Our climate is changing. This argument is supported by way of frequent and severe droughts, storms, high temperatures, glacier melting, and overall creation of conditions unfavorable for living and farming.
The main factor contributing to climate change is human activity in farming and other industries. Aerosols and greenhouse gasses made by burning of fossil fuel destroys the Earth’s atmosphere, changing its properties and impacting all living things on the planet.
Farming is a significant contributor to climate change, but it’s also affected by its negative effects. Animal and crop production releases high amounts of methane and nitrous oxide, two main greenhouse gasses. In aiming to reduce greenhouse gasses, farmers have to adopt farm practices that won’t harm nature or negatively affect climate.
What Is Conservation Farming?
Conservation farming is an approach in which soil management practices are reduced to a minimum, thus preserving the soil properties and nature biodiversity. It includes a set of practices which conserve the soil, water, and soil moisture, enhance fertilizer and seed use, and finally, saves time and money.
Conservation farming has three main principles which help in biodiversity and environment protection. These principles are:
- Minimum soil disturbance
- Crop residue management; leaving of previous crop residue in the field or planting a cover crop
- Crop rotation practices
The emphasis of conservation farming is on conservation tillage practices, during which the soil is tilled just enough to be possible to sow seeds. Another practice is to leave at least 30% of soil surface covered by crop residue. This increases the water infiltration rate and reduces soil erosion and runoff.
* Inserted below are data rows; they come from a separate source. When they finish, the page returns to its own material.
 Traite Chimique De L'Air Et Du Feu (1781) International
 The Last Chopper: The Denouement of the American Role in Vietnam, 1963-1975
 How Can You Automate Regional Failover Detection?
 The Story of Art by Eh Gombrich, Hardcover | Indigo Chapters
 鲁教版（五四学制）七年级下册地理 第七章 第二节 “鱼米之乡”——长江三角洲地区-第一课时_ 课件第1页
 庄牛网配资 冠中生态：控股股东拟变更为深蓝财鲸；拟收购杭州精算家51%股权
Besides conservation tillage and cover crops, conservation farming combines various farm practices in crop production, such as direct planting, green manure, agroforestry, and integrated and organic pest protection. Literally speaking, it combines the best of all farm practices into one practice which conserves both the nature resources and the soil.
How Can Conservation Practices Benefit Crop Production?
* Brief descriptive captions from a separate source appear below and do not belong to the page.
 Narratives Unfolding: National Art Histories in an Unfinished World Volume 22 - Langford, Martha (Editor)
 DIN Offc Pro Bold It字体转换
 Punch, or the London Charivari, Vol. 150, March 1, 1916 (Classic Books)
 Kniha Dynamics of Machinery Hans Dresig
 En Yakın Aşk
Since conventional farm practices negatively impact the environment by contributing to climate change, farmers must adopt farm practices that will minimize pollution, protect the crop yield, improve crop resistance, and reduce total production cost.
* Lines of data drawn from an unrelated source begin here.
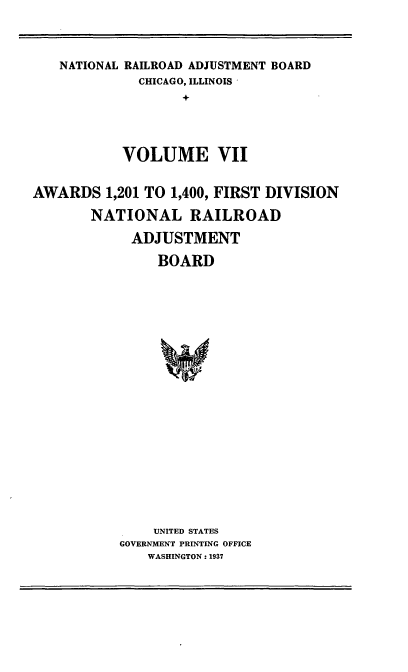 handle is hein.usfed/afirdnarab0007 and id is 1 raw text is: NATIONAL RAILROAD ADJUSTMENT BOARD
CHICAGO, ILLINOIS
+
VOLUME VII

AWARDS 1,201 TO 1,400, FIRST DIVISION
NATIONAL RAILROAD
ADJUSTMENT
BOARD
UNITED STATES
GOVERNMENT PRINTING OFFICE
WASHINGTON: 1937


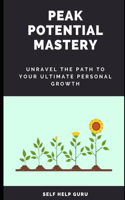 Peak Potential Mastery: Unravel the Path to Your Ultimate Personal Growth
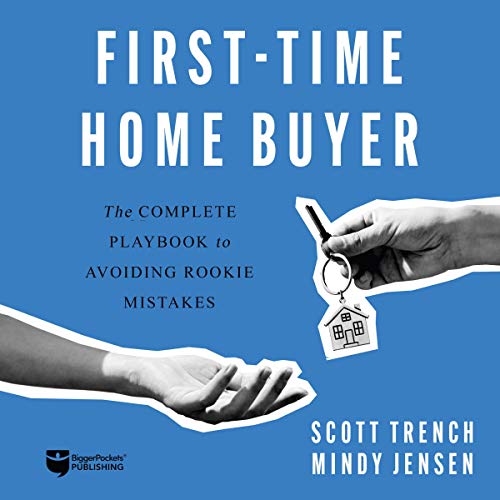 First-Time Home Buyer Audiolibro Por Scott Trench, Mindy Jensen arte de portada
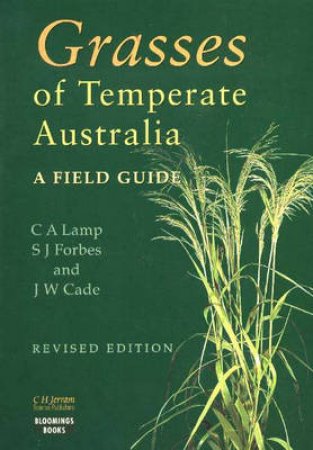 Grasses Of Temperate Australia: A Field Guide by No Author Provided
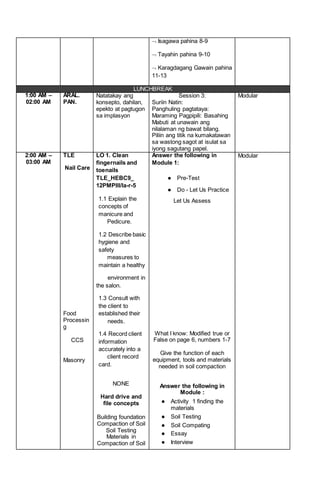  Isagawa pahina 8-9
 Tayahin pahina 9-10
 Karagdagang Gawain pahina
11-13
LUNCHBREAK
1:00 AM –
02:00 AM
ARAL.
PAN.
Natatakay ang
konsepto, dahilan,
epekto at pagtugon
sa implasyon
Session 3:
Suriin Natin:
Panghuling pagtataya:
Maraming Pagpipili: Basahing
Mabuti at unawain ang
nilalaman ng bawat bilang.
Piliin ang titik na kumakatawan
sa wastong sagot at isulat sa
iyong sagutang papel.
Modular
2:00 AM –
03:00 AM
TLE
Nail Care
Food
Processin
g
CCS
Masonry
LO 1. Clean
fingernails and
toenails
TLE_HEBC9_
12PMPIII/la-r-5
1.1 Explain the
concepts of
manicure and
Pedicure.
1.2 Describe basic
hygiene and
safety
measures to
maintain a healthy
environment in
the salon.
1.3 Consult with
the client to
established their
needs.
1.4 Record client
information
accurately into a
client record
card.
NONE
Hard drive and
file concepts
Building foundation
Compaction of Soil
Soil Testing
Materials in
Compaction of Soil
Answer the following in
Module 1:
● Pre-Test
● Do - Let Us Practice
Let Us Assess
What I know: Modified true or
False on page 6, numbers 1-7
Give the function of each
equipment, tools and materials
needed in soil compaction
Answer the following in
Module :
● Activity 1 finding the
materials
● Soil Testing
● Soil Compating
● Essay
● Interview
Modular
Conservation farming seems to be the perfect solution for this global problem and benefits both the farmer and the environment. Farmers have increasingly started to these practices in their crop production in order to increase the productivity of:
- Soil; minimized soil tillage improves soil structure and protects the soil from erosion, while cover crops enhance soil organic matter
- Water; enhanced soil infiltration requires less water use
- Nutrients; crop rotation and decomposition of cover crops provides the soil organisms and plants with nutrients
- Weed management; weed population declines over time due to reduced tillage
- Environment; no-till provides for reduced fossil fuel use, while organic crop protection saves the environment and biodiversity
- Labor; less labor required for soil preparation
- Farm finance; reduced fertilizer, seed, and labor cost
How to Manage Conservation Practices?
Conservation farming avoids heavy soil tillage, burning of crop residue, monoculture, and the use of chemical pesticides and fertilizers. Unlike conventional practices, this farming approach benefits the soil and nature by managing healthy farm practices in ways such as:
- Leaving the plant residue to cover the soil (minimum 30%)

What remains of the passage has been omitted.